═════ Given information ═════

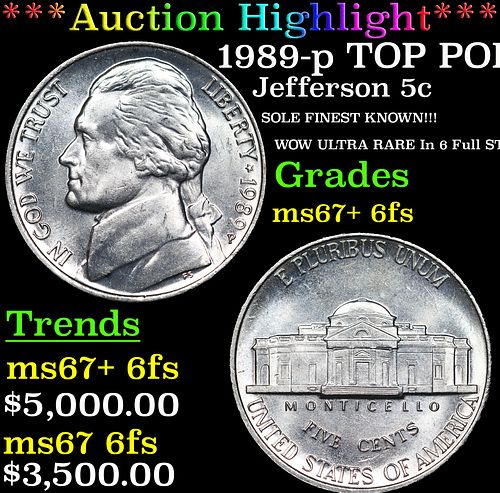 ***Auction Highlight*** 1989-p Jefferson Nickel TOP POP! 5c Graded ms67+ 6fs BY SEGS (fc)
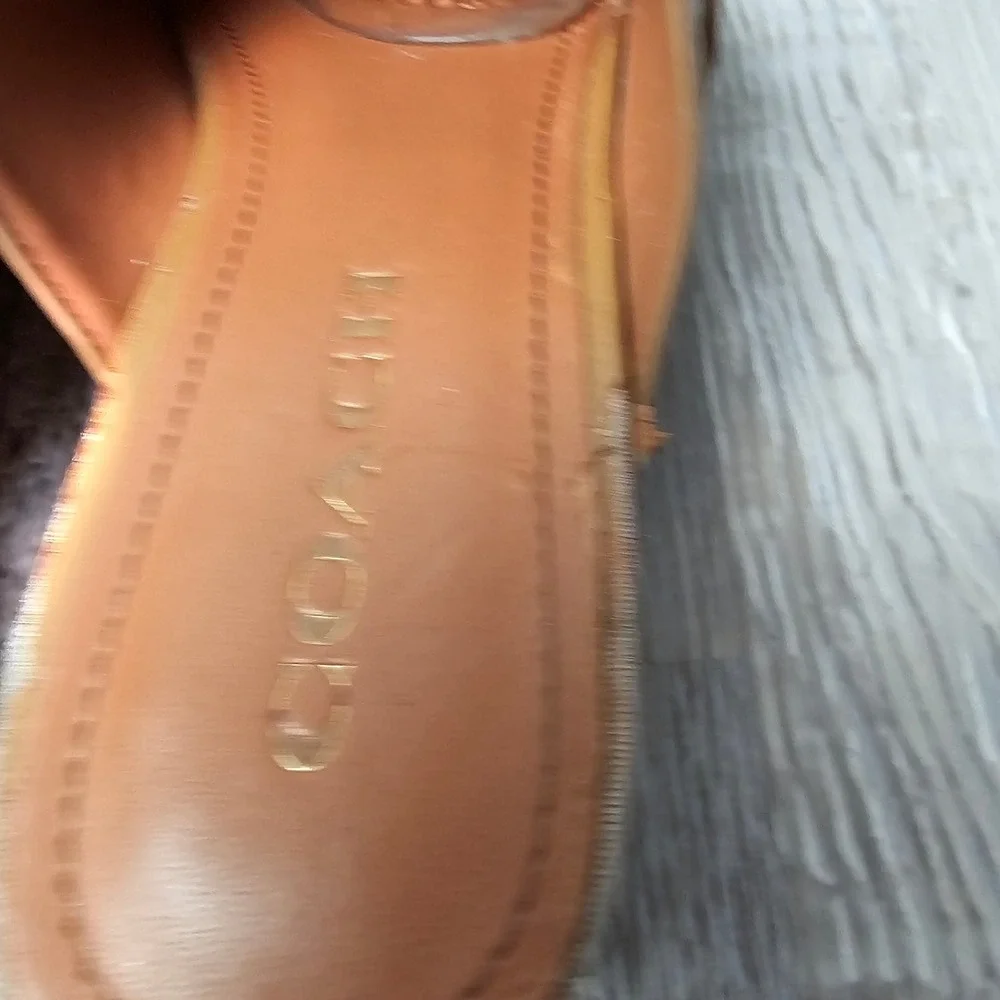 Coach Freya Womens 9.5B Clogs Tan Leather Studded G5158 Boho Retro Mules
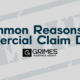 Blog Title Page with image of a "denied" stamp and overlay text reading "Common Reasons for Commercial Claim Denials"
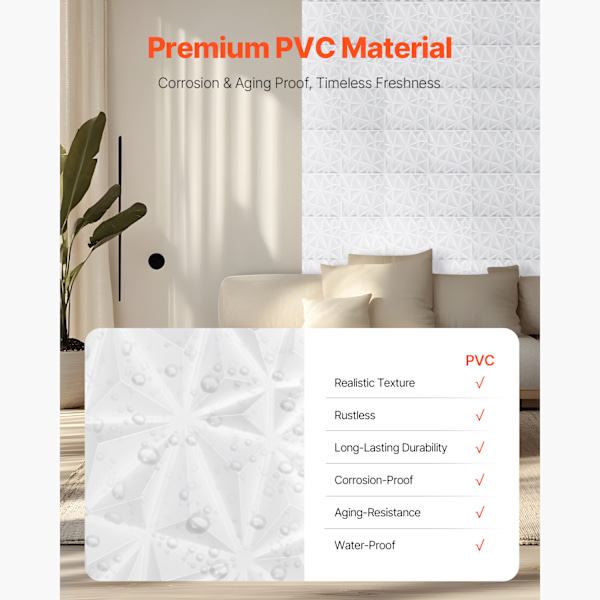 SucceBuy 3D Väggpaneler, 33-pack 30x30 cm PVC, 3 kvm täckning, Diamant Vit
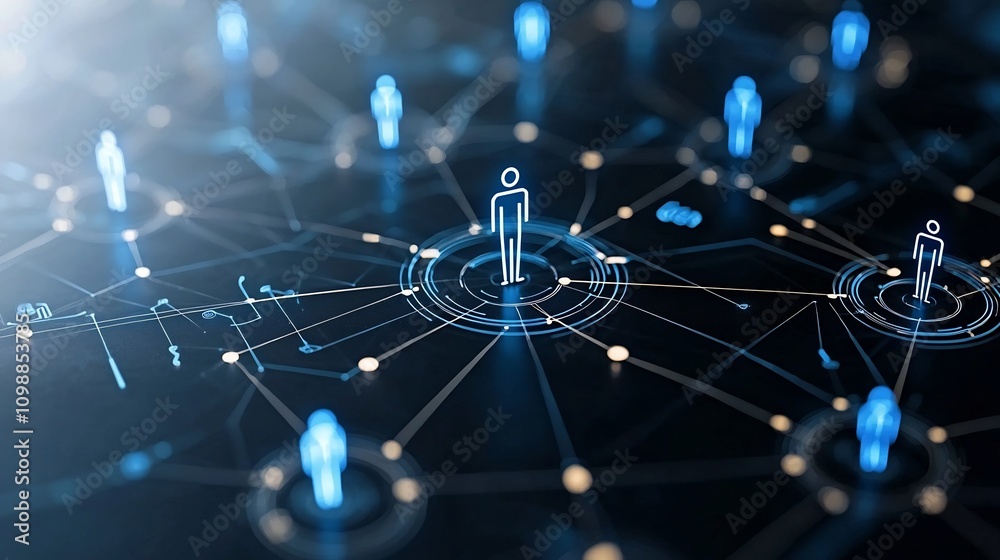 Poster Futuristic abstract digital of glowing 3D human figures connected in a luminous circular web over a clean black background representing technology connection and modern digital art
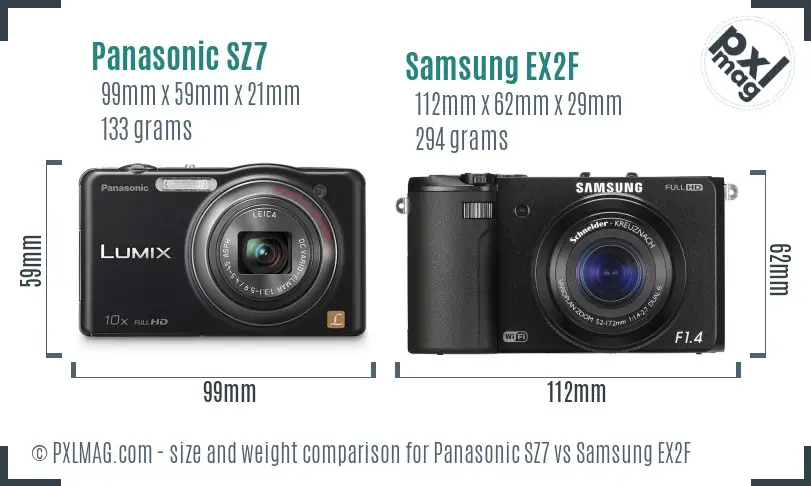 Panasonic SZ7 vs Samsung EX2F size comparison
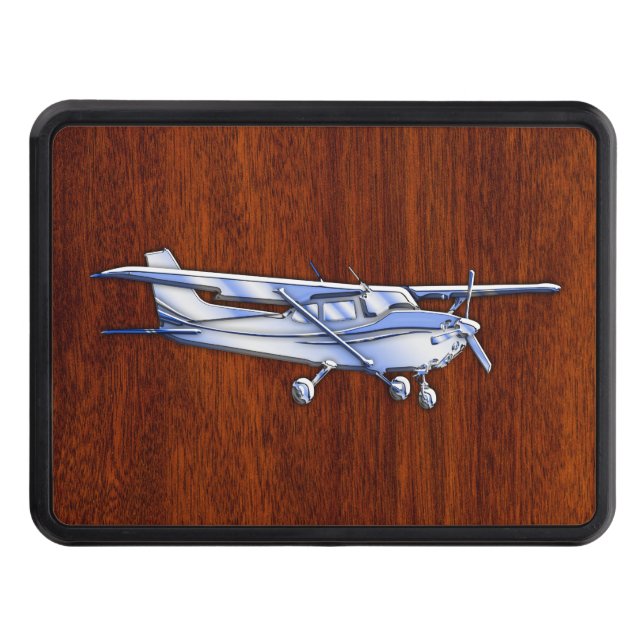 Aircraft Classic Chrome Cessna Flying Mahogany Tow Hitch Cover (Front)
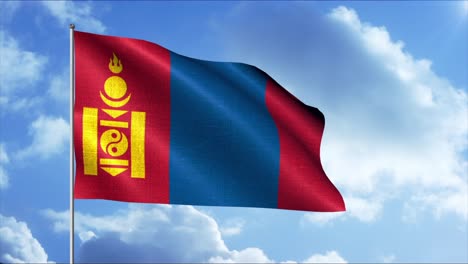 mongolian flag waving in the wind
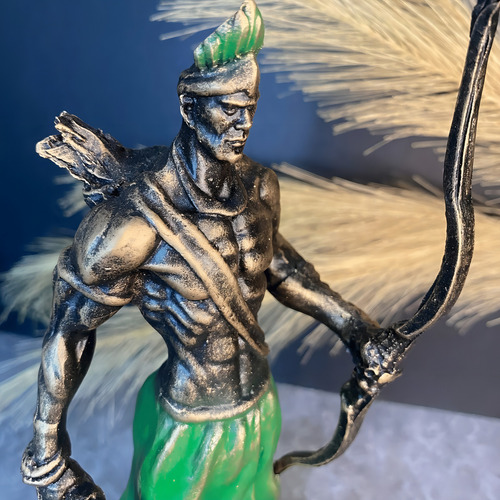 Imagem Orixá Oxossi - Estátua Em Exclusiva Cor Verde-escuro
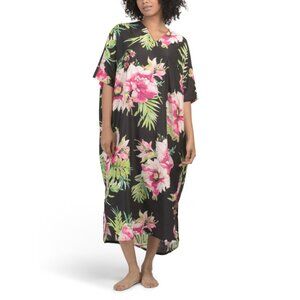 NATORI Black Multi Sonomi Wedge Caftan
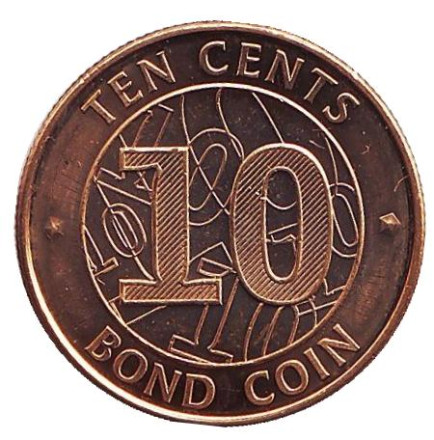 Монета 10 центов. 2014 год, Зимбабве. UNC. Бонд-коин.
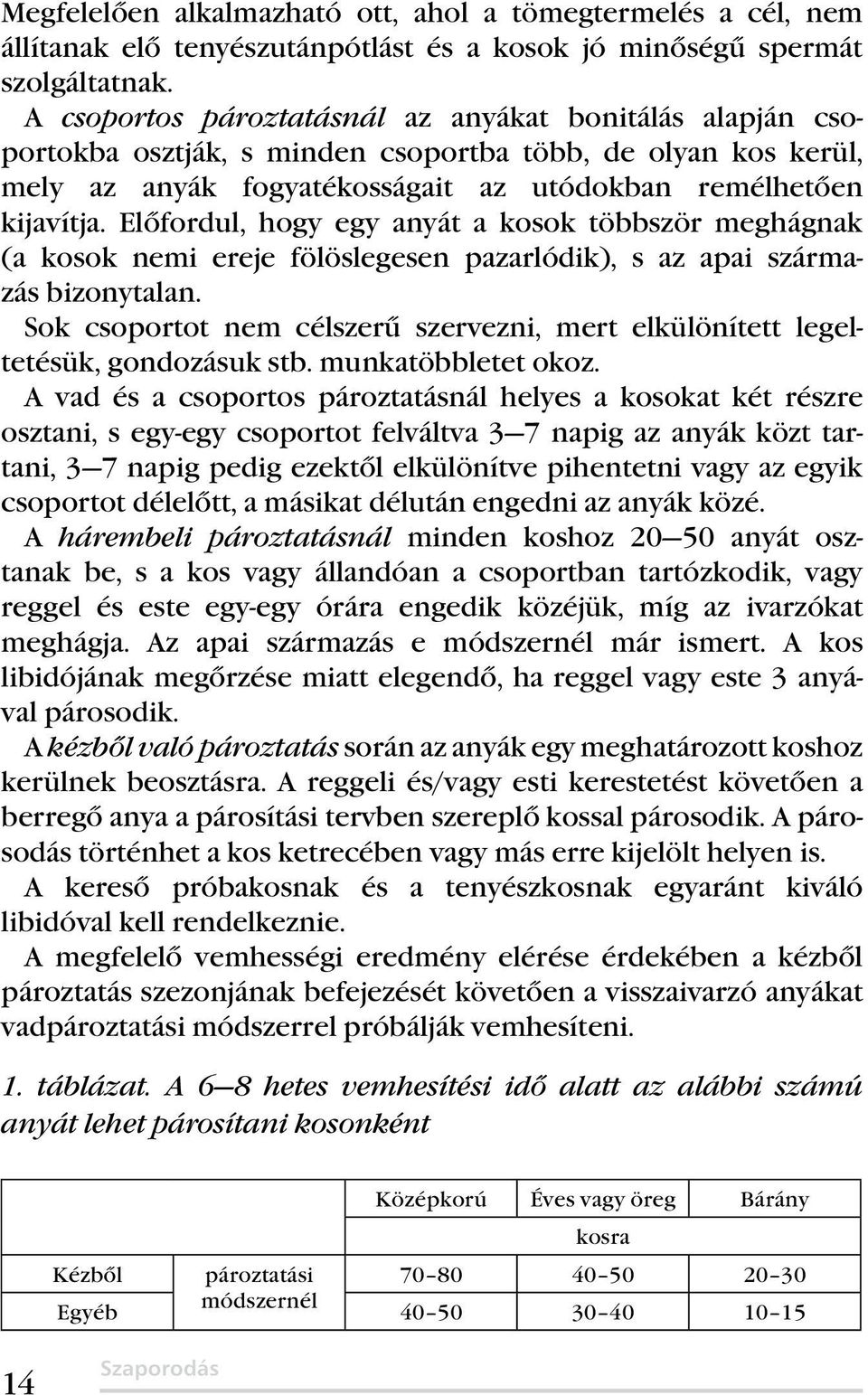 Előfordul, hogy egy anyát a kosok többször meghágnak (a kosok nemi ereje fölöslegesen pazarlódik), s az apai származás bizonytalan.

═════

[Work required] With the images omitted, return the full material exactly.

[Answer for this exercise]
 ***Auction Highlight*** 1989-p Jefferson Nickel TOP POP! 5c Graded ms67+ 6fs BY SEGS (fc)
 Coach Freya Womens 9.5B Clogs Tan Leather Studded G5158 Boho Retro Mules
 Blog Title Page with image of a "denied" stamp and overlay text reading "Common Reasons for Commercial Claim Denials"
 SucceBuy 3D Väggpaneler, 33-pack 30x30 cm PVC, 3 kvm täckning, Diamant Vit
 Poster Futuristic abstract digital of glowing 3D human figures connected in a luminous circular web over a clean black background representing technology connection and modern digital art
 Panasonic SZ7 vs Samsung EX2F size comparison
 Aircraft Classic Chrome Cessna Flying Mahogany Tow Hitch Cover (Front)
 mongolian flag waving in the wind
 Imagem Orixá Oxossi - Estátua Em Exclusiva Cor Verde-escuro
 NATORI Black Multi Sonomi Wedge Caftan
 Монета 10 центов. 2014 год, Зимбабве. UNC. Бонд-коин.
 Előfordul, hogy egy anyát a kosok többször meghágnak (a kosok nemi ereje fölöslegesen pazarlódik), s az apai származás bizonytalan.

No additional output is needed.